15:00 Sarah, Francis and the twins come back from the dog-show, hastily grab a few more of their possessions, hand over the grandad and grandma mugs they bought us today, and rush off to the supermarket, which under the UK's special Sunday store-opening hours, have to close at 4 pm or so - it's going to be the family's first evening together in their new home, and they haven't got much food, Francis says. So fair enough!

So it's bye bye twins, bye bye Sarah, bye bye Francis - sob, sob!




Lois and I wave them all goodbye, and then come back indoors and collapse in a heap for the second time today - what madness!!! But you see, we ARE really really REALLY old now haha!

16:00 We do our best to recover our strength on the sofa with a couple of mini-cakes and a cup of Earl Grey tea using our shiny new "Grandparent" mugs, which is nice.

Lois with her shiny-new "Special Grandma" mug...

... and me with my shiny new "Best Grandad Ever" mug.
Go on then, have one of my mini-cakes! You know you want to haha!!!

20:00 We wind down with a bit of TV, last night's airing of programme no.2 in Alice Roberts' new series, "Ancient Egypt by Train".

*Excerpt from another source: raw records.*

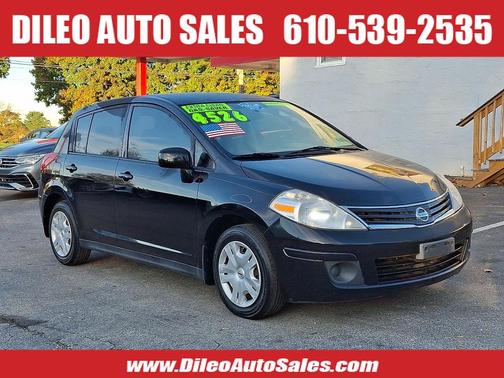 2012 Nissan Versa 1.8 S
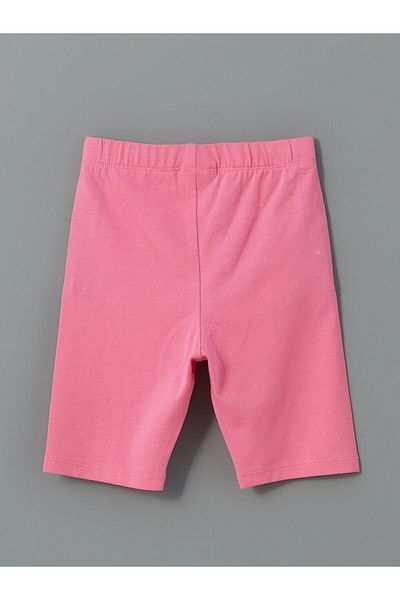 LC Waikiki New Season Basic Girls' Leggings with Elastic Waist - S5Hd80Z1
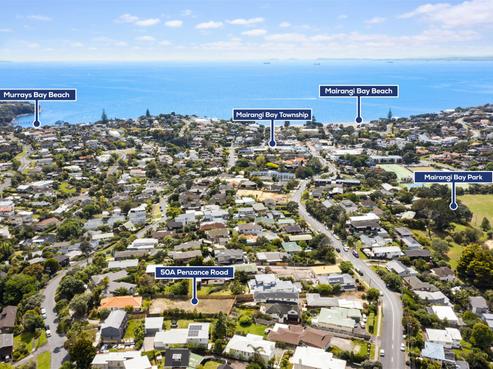 50A Penzance Road, Mairangi Bay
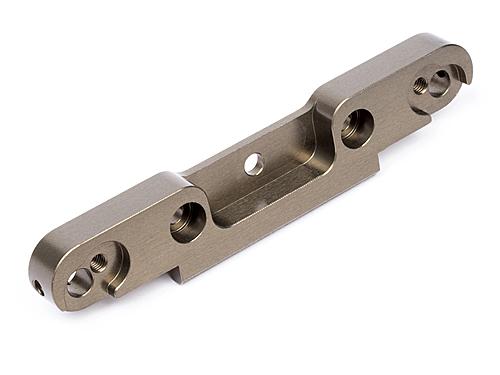Hot Bodies 67379 - Pivot Plate (RR/3deg) (D8, HPI Vorza)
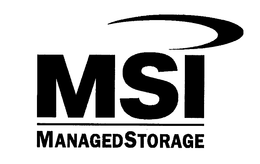 MSI MANAGEDSTORAGE trademark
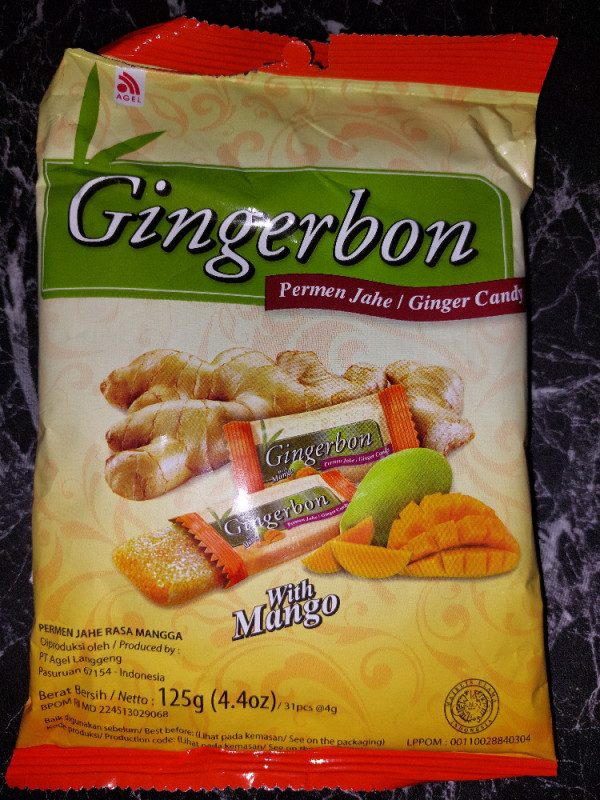Gingerbon von Sasi06 | Hochgeladen von: Sasi06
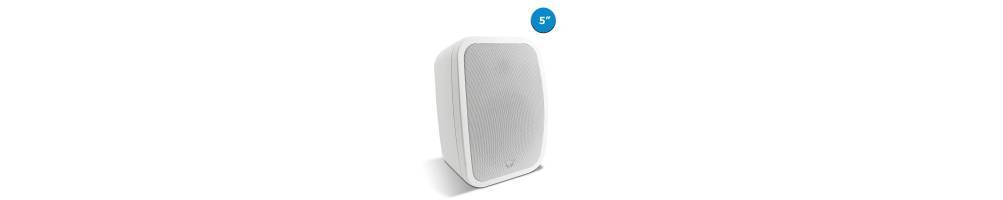 Altavoces Pasivos  5 " o Inferior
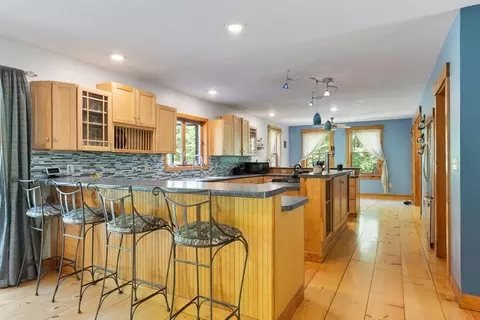 Kitchen - 1132 Doe Valley Rd, Athol, MA 01331 photo 1 of 6
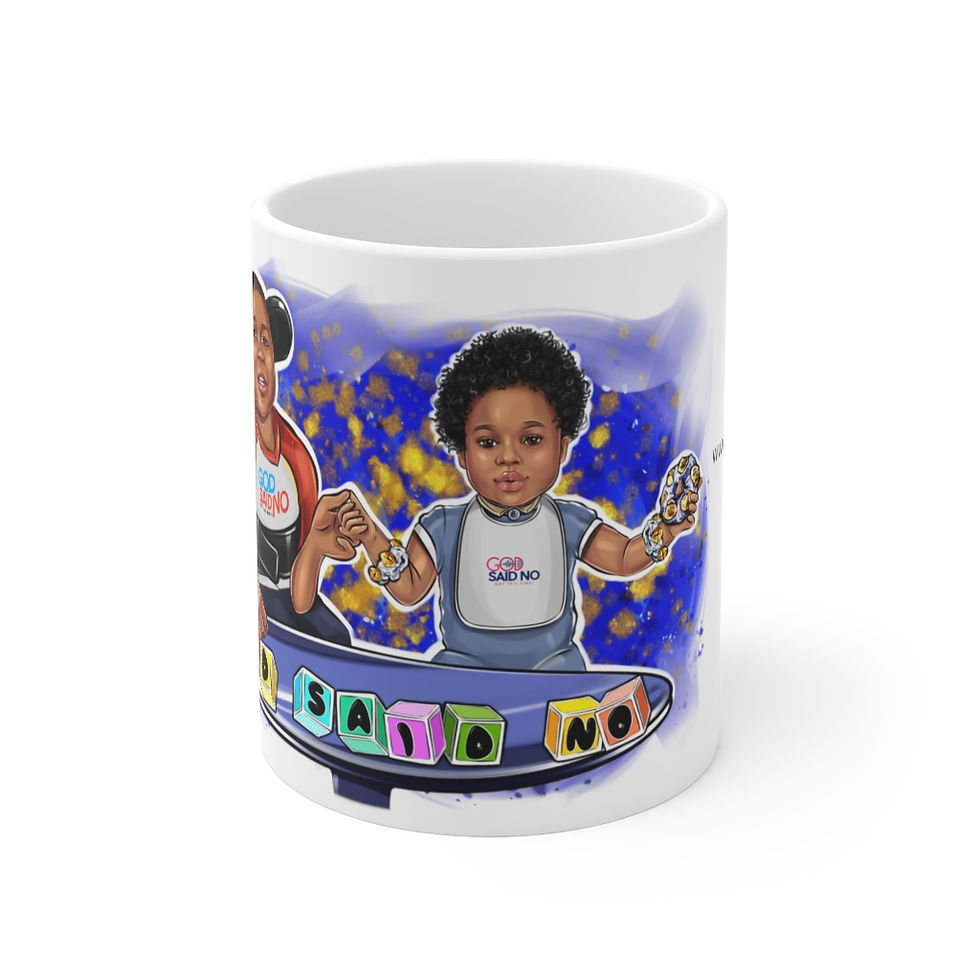Thumbnail: TBE Ceramic Mug 11oz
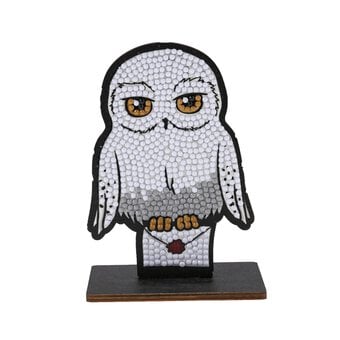 Crystal Art Buddies Harry Potter Hedwig Kit 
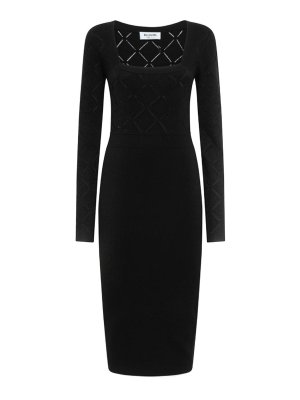 BLUGIRL: abiti al ginocchio - Vestito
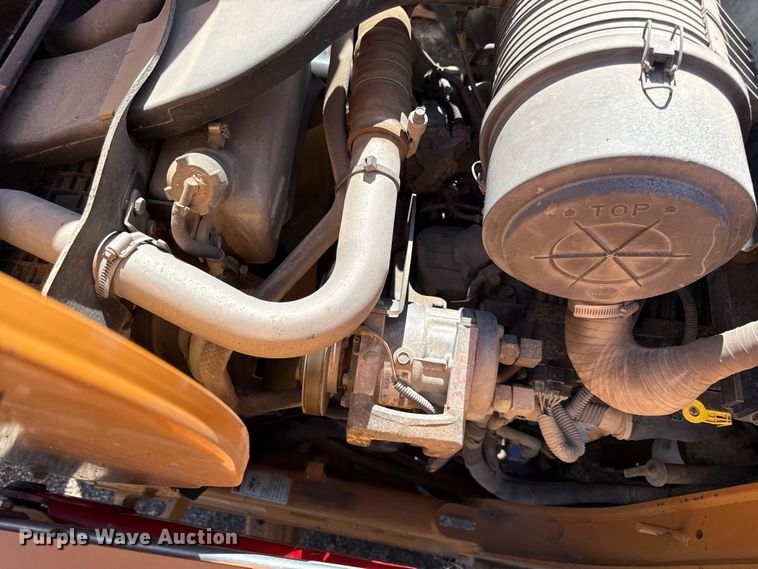 image for item EV7683 2014 Case 580 Super N backhoe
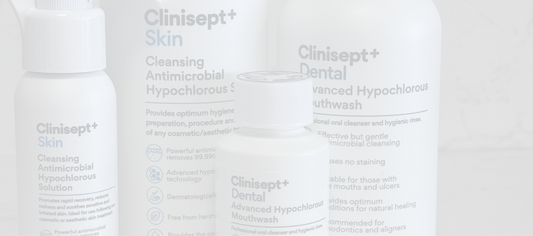 Why Clinisept + is a practitioner favourite ?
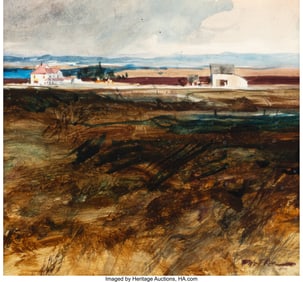 76132&colon; William Foster Reese &lpar;American&comma; 1938-2010&rpar; Kitti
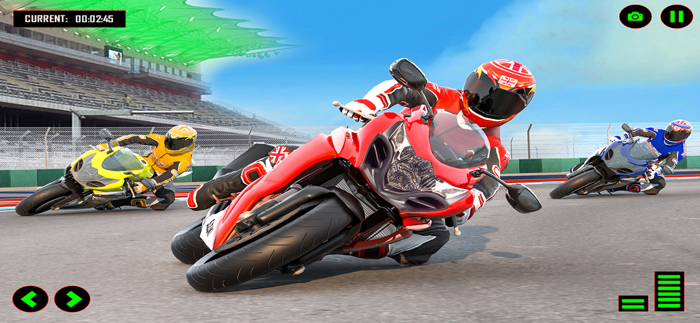 Motorcycle Racing Mania 2021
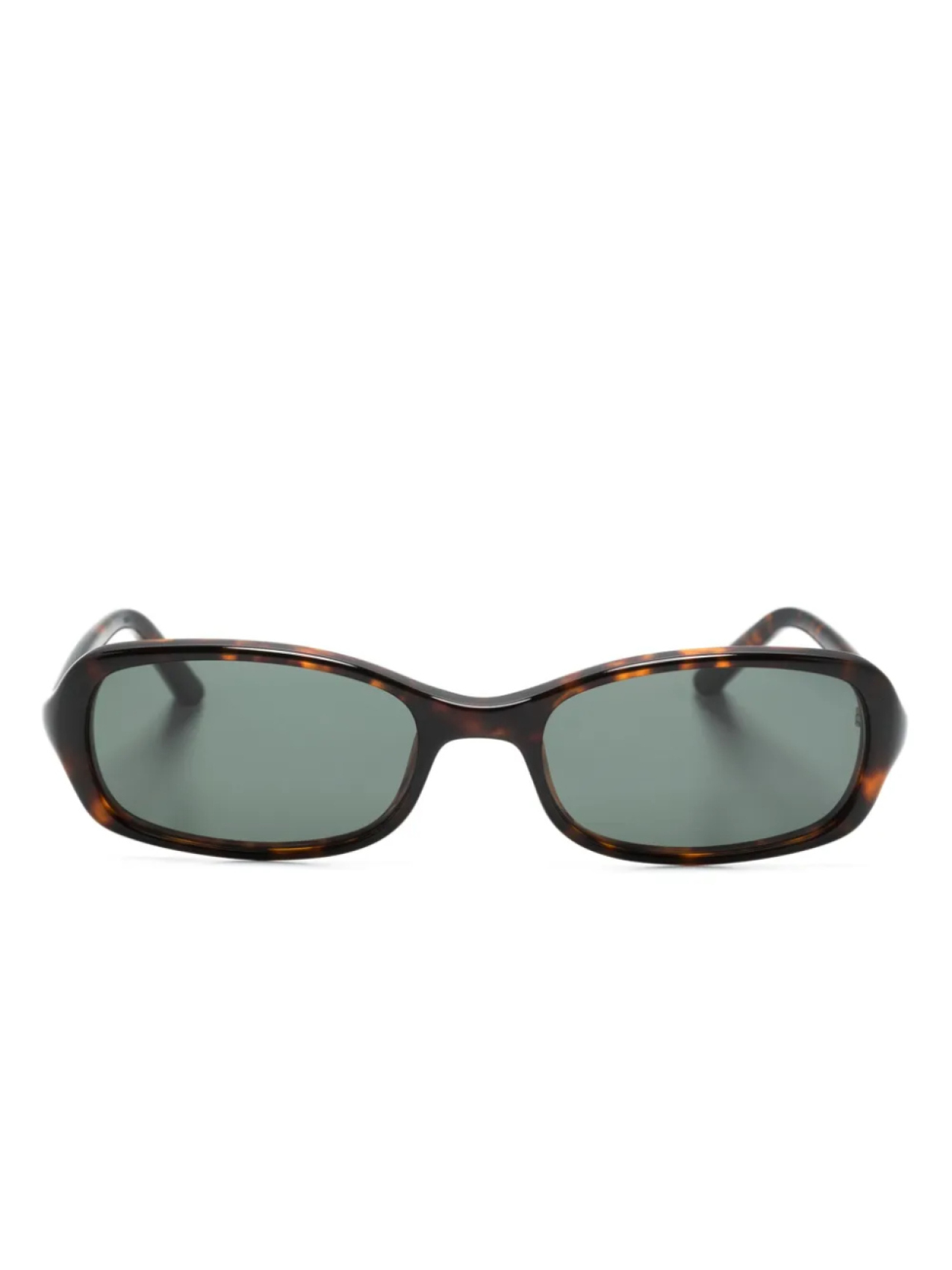 Солнцезащитные очки в оправе черепаховой расцветки Chimi, коричневый
Солнцезащитные очки в оправе черепаховой расцветки Chimi, коричневый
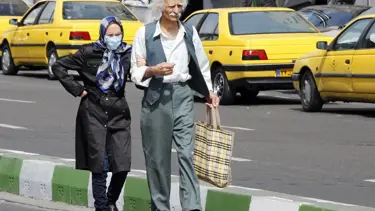 119 yaşında damat var: İran'da 80 yaş üstü evliliklerde rekor artış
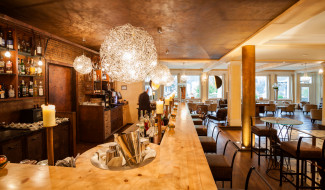 Bild der Bar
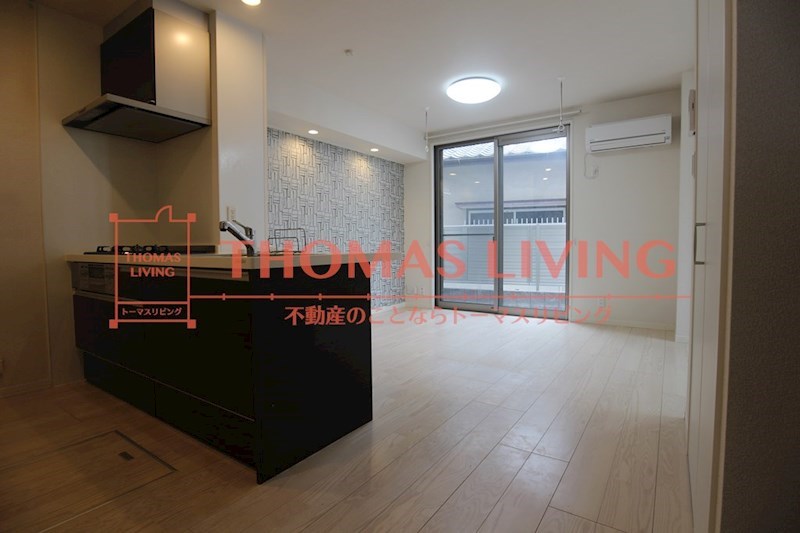 居室・リビング　※別号室参考写真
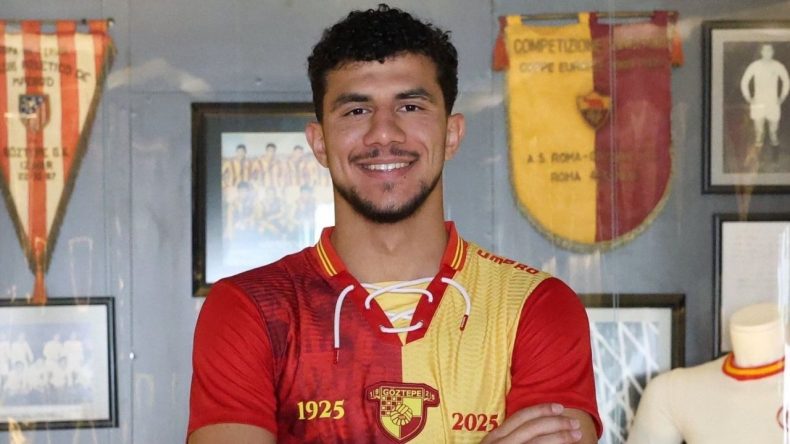 İbrahim Sabra'nın Göztepe'deki Forma Numarası Açıklandı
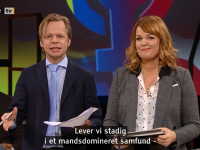 Debatten: Danmark og Sverige, feminisme og ligestilling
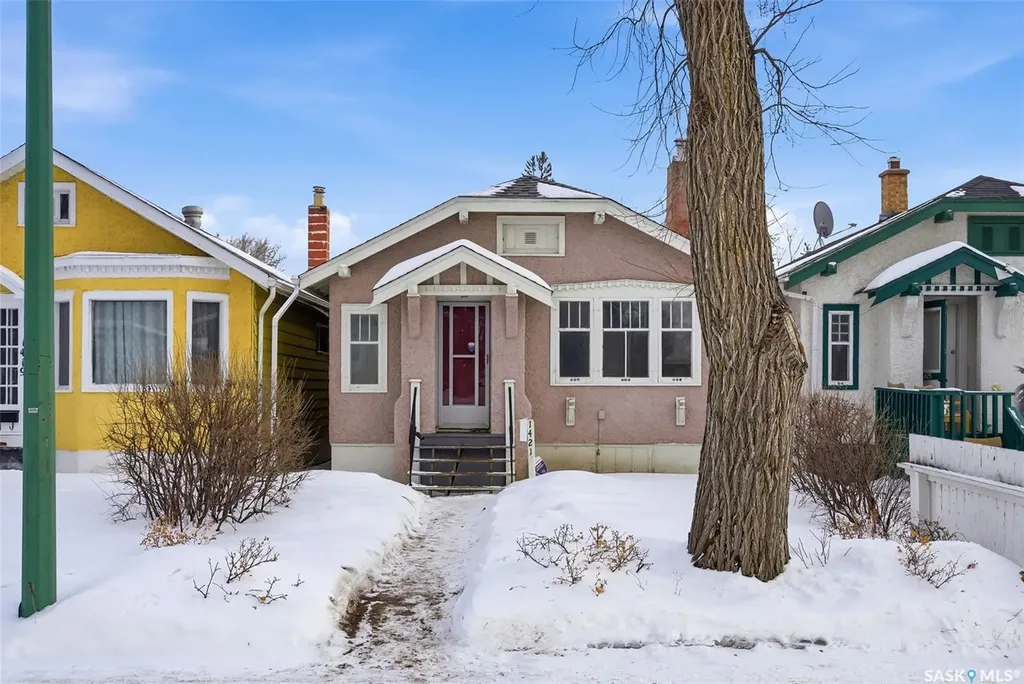 1421 Princess Street Regina SK S4T 3Z2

Is it just me, or are documentaries about "Ancient Egypt" getting a bit less informative these days? There have been a lot of such series on TV, and we can tell that, after a couple of centuries of archaeological work, there aren't a lot of game-changing discoveries being made on a month-to-month or even year-to-year basis any more, are there. Be honest !!!!

The most strikingly surprising fact, to me anyway, to come out of this programme tonight, was to hear that Egypt was the second country in the world, after Britain, to have a railway - built by British engineers like Robert Stephenson. 

Egypt - why on earth....? But also, how amazing at the same time. My goodness!

a clip from an early black-and-white film of an Egyptian locomotive

an exhibit in Cairo's Railway Museum

Be that as it may, Alice's programmes are always fun, so always worth watching - she takes a genuine delight in seeing all the ruins and relics during this, her first ever visit to Egypt.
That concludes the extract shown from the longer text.